Exclude the pictures, then quote exactly the lines from the one holding "Bac a litiere" through the last line of the records.

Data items
▬▬▬▬▬▬
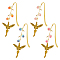 Alloy Hook Bookmarks, Flower Acrylic and Brass Angel Charms Bookmarks, Mixed Color, 195mm, 4pcs/set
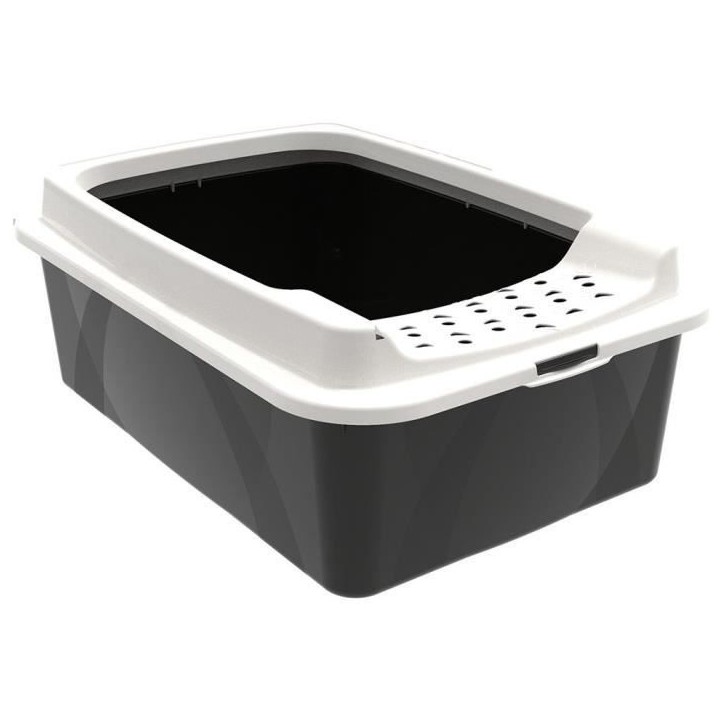 Bac a litiere avec rebords - ROTHO MYPET - BONNIE - 57.2 x 39.3 x 20.9 cm - Noir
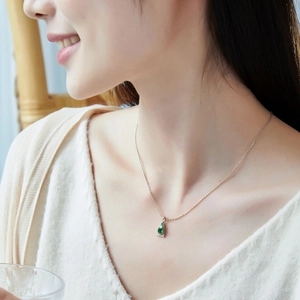Elegant S925 silver necklace with teardrop moss agate pendant and sparkling crystal details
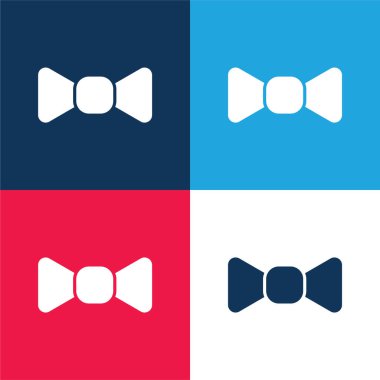 Papyon mavi ve kırmızı dört renk minimal simge seti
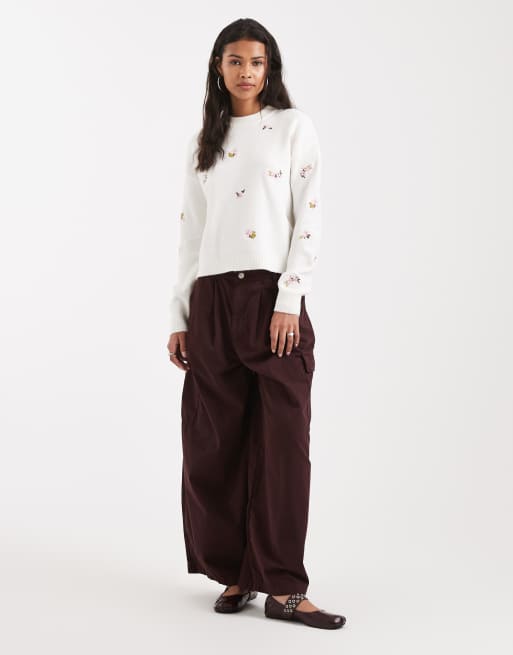 New Look floral embroidered jumper in cream, 4 of 4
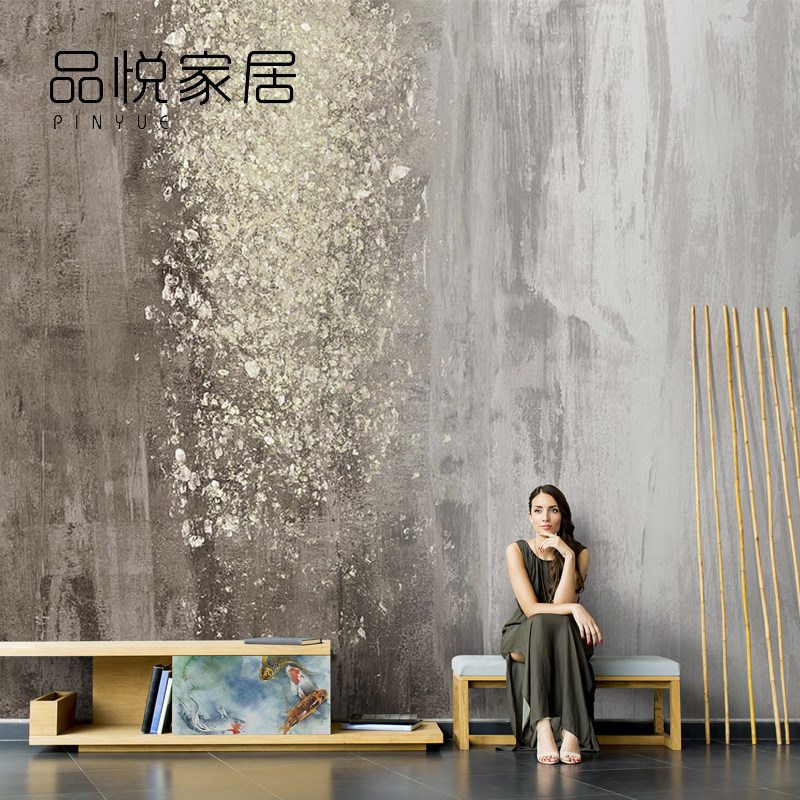 北欧复古轻奢金粉抽象涂鸦壁纸创意客厅电视背景墙纸卧室无缝墙布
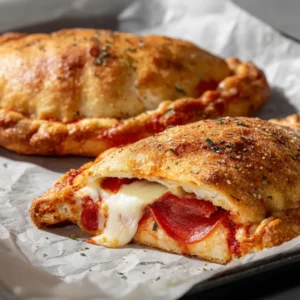 Ultimate Homemade Pizza Pockets (Extra Cheesy & Blistered) 4 Raw pizza dough rolled out and layered with thick red tomato marinara sauce, white mozzarella, and sliced pepperoni.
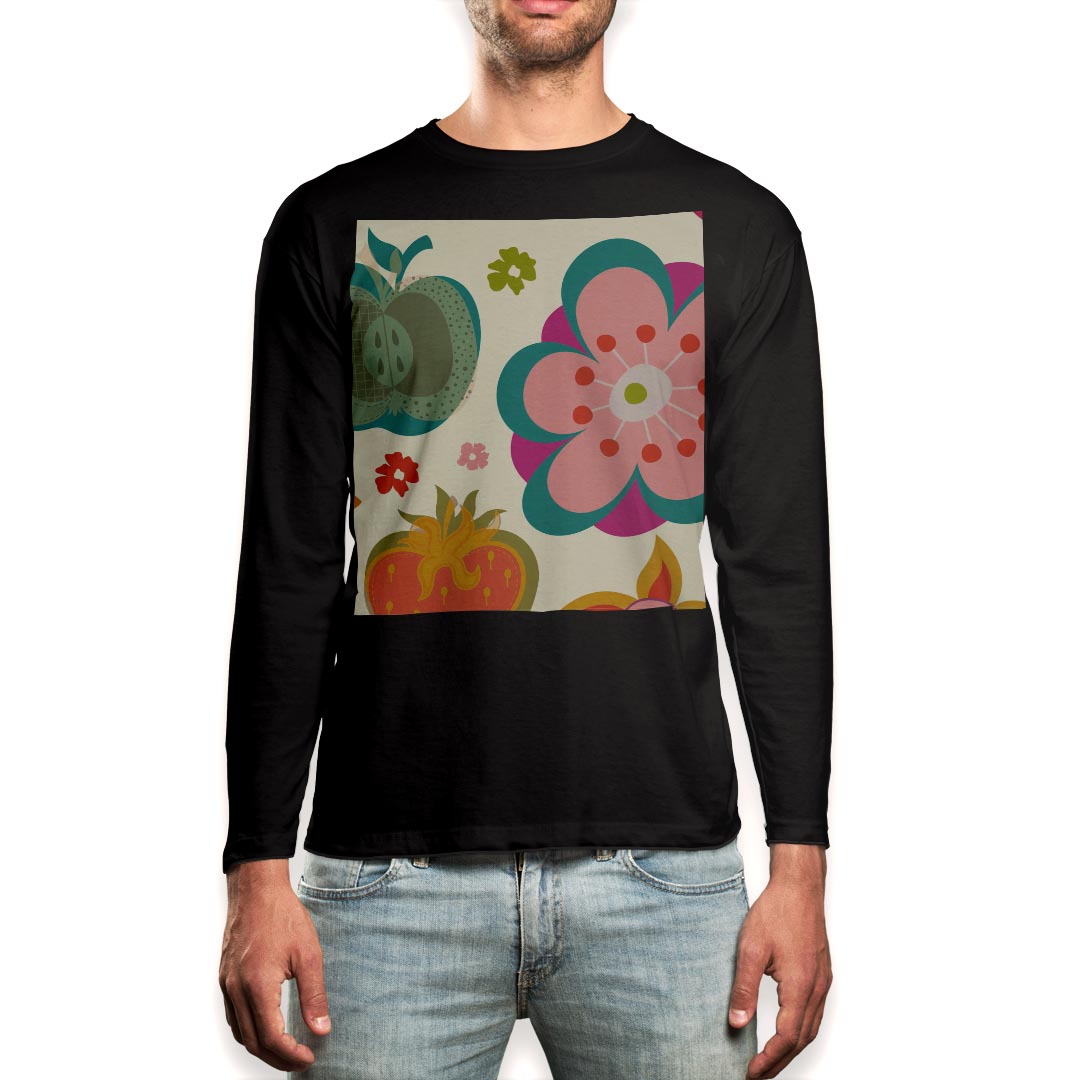 ロング tシャツ メンズ 長袖 ブラック デザイン XS S M L XL 2XL ロンT ティーシ ...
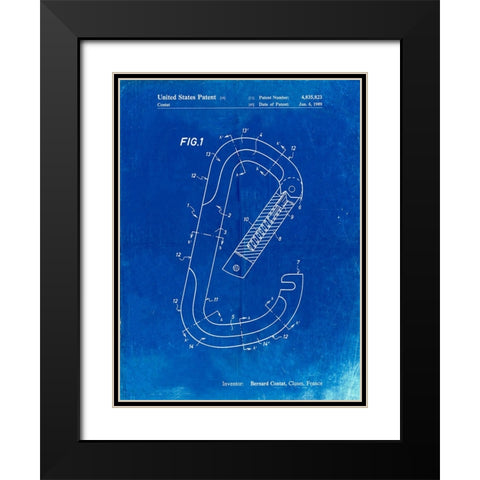 PP83-Faded Blueprint Oval Carabiner Patent Poster Black Modern Wood Framed Art Print with Double Matting by Borders, Cole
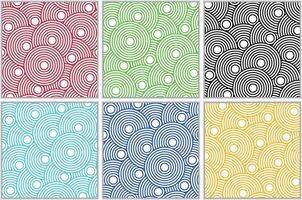 Colorful concentric circle patterns vector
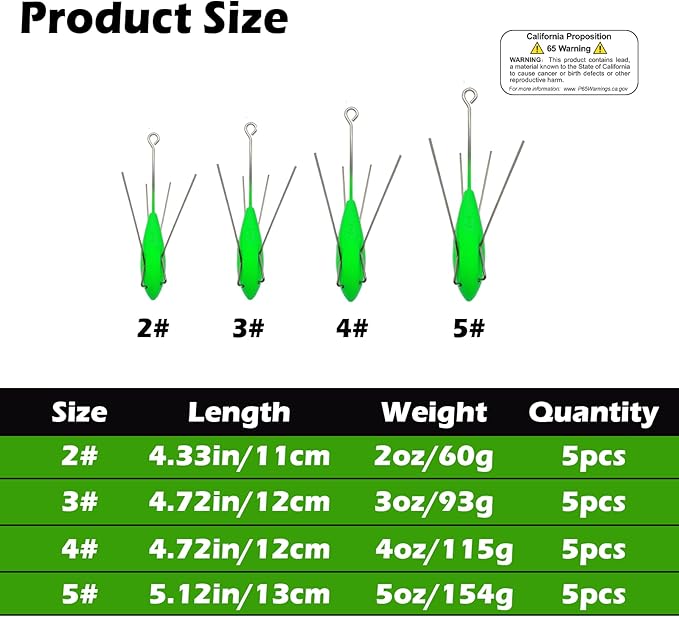 Premium 5 PCS Sputnik Sinker Fishing Weights - Heavy-Duty Long Tail Spider Sinkers for Saltwater Surf Casting, Catfishing, and Beach Adventures in Ocean Sea Sand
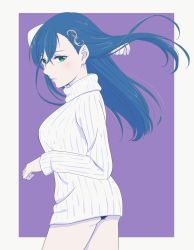Rule 34 | 1girl, blue hair, blush, breasts, closed mouth, earrings, green eyes, hair ornament, highres, jewelry, long hair, looking at viewer, maria traydor, simple background, solo, star ocean, star ocean till the end of time, sweater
▬▬▬▬▬▬
__ANSWER SPACE__:
 Bac a litiere avec rebords - ROTHO MYPET - BONNIE - 57.2 x 39.3 x 20.9 cm - Noir
Elegant S925 silver necklace with teardrop moss agate pendant and sparkling crystal details
 Papyon mavi ve kırmızı dört renk minimal simge seti
 New Look floral embroidered jumper in cream, 4 of 4
 北欧复古轻奢金粉抽象涂鸦壁纸创意客厅电视背景墙纸卧室无缝墙布
 Ultimate Homemade Pizza Pockets (Extra Cheesy & Blistered) 4 Raw pizza dough rolled out and layered with thick red tomato marinara sauce, white mozzarella, and sliced pepperoni.
 ロング tシャツ メンズ 長袖 ブラック デザイン XS S M L XL 2XL ロンT ティーシ ...
 PP83-Faded Blueprint Oval Carabiner Patent Poster Black Modern Wood Framed Art Print with Double Matting by Borders, Cole
 Colorful concentric circle patterns vector
 Premium 5 PCS Sputnik Sinker Fishing Weights - Heavy-Duty Long Tail Spider Sinkers for Saltwater Surf Casting, Catfishing, and Beach Adventures in Ocean Sea Sand
Rule 34 | 1girl, blue hair, blush, breasts, closed mouth, earrings, green eyes, hair ornament, highres, jewelry, long hair, looking at viewer, maria traydor, simple background, solo, star ocean, star ocean till the end of time, sweater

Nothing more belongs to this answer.